As we look to 2022 and beyond, we must commit to funding three critical programs to better support students assigned to struggling schools:

First, we need to fully fund high quality pre-kindergarten for all low-income students. High quality pre-k has been shown to increase participants’ cognitive and social-emotional skills, health outcomes and long-term employment trajectories, while also reducing male participants’ criminal activity.

In addition, for every dollar spent on high-quality birth-to-five programs for disadvantaged children, including pre-kindergarten, taxpayers can expect a 13 percent per annum return on their investment – with, perhaps not surprisingly, the greatest returns associated with programs at the earliest stages of life. Yet only 34 percent of four-year-old and six percent of three-year-old children are enrolled in state funded pre-K. We must change that.

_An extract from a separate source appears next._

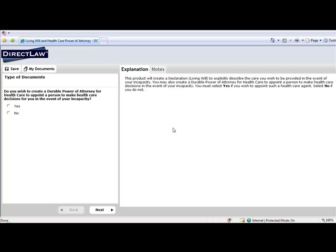The Explanations section on the right-hand side of the Rapid Docs screen provides useful information for the client.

Second, we must ensure that every student assigned to a low-performing school can attend full-day kindergarten. Only 17 states and the District of Columbia require children to attend full-day kindergarten. Yet, study after study shows students who participate in full-day kindergarten outperform similar students in half-day programs, with both short-term and long-term gains in reading and math. In turn, these gains narrow later achievement gaps between students enrolled in low-performing school districts and those of their more advantaged peers.

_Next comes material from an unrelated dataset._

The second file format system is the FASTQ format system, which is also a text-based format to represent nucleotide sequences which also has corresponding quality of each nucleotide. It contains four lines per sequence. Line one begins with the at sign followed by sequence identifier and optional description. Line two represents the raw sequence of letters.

Third, we should fund and implement robust after-school tutoring programs that identify children falling behind in early years and provide help via one-on-one or small group instruction so they are able to catch up and then climb up the educational ladder. A meta-analysis of 96 tutoring studies found that, on average, students participating in tutoring programs made gains consistent with moving from the 50th to the 66th percentile of student performance. Moreover, gains were largest for students in the earliest grades.

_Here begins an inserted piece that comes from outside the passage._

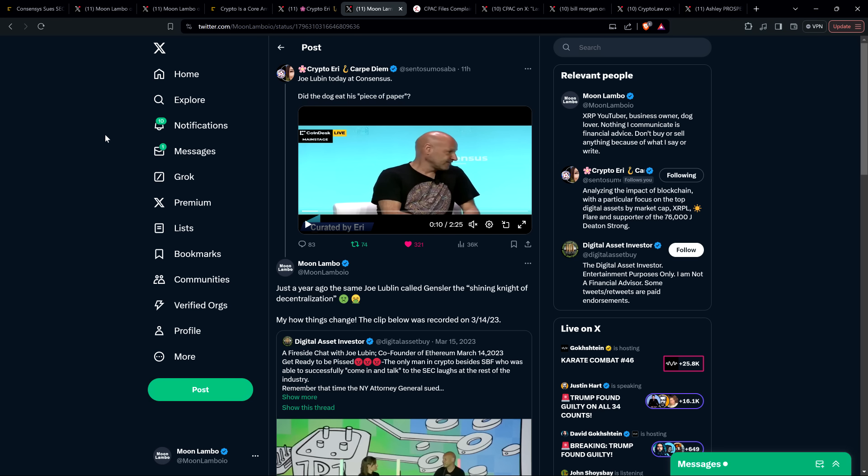Here's Lubin explaining why Consensus sued the SEC this year. Quote, the SEC has been gaslighting our industry. I'm sorry, I got to pause already. But I thought Gary Gensler was a shining knight of decentralization. And now the organization he's in charge of is gaslighting everyone, including you. Oh my, how times have changed.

We can’t achieve these goals overnight, but we must begin pursuing them as quickly and aggressively as possible. During my time as governor of Pennsylvania, we similarly focused on this three-pronged approach to build a foundation for all students they could use as a springboard for lifelong educational success.

The good news is that the Biden administration understands the challenges we face and how this early education approach can significantly improve educational outcomes for vulnerable students. In addition, states are receiving billions of dollars in federal funding as part of COVID-related relief funding, providing an unprecedented opportunity to put new programs into place for younger students.

But those funds will eventually run out, even as the need for them continues. Hence, we must also take advantage of the moment at hand by including pre-k, full-day kindergarten, and tutoring programs as part of the ESSA reauthorization and committing ongoing federal financial support to sustain those programs long after COVID-19 has become a distant memory.

Although the investment will be significant, the benefits will more than exceed the costs over time — not just in terms of return on investment, but also in improved quality of life for both the recipients and the communities in which they live.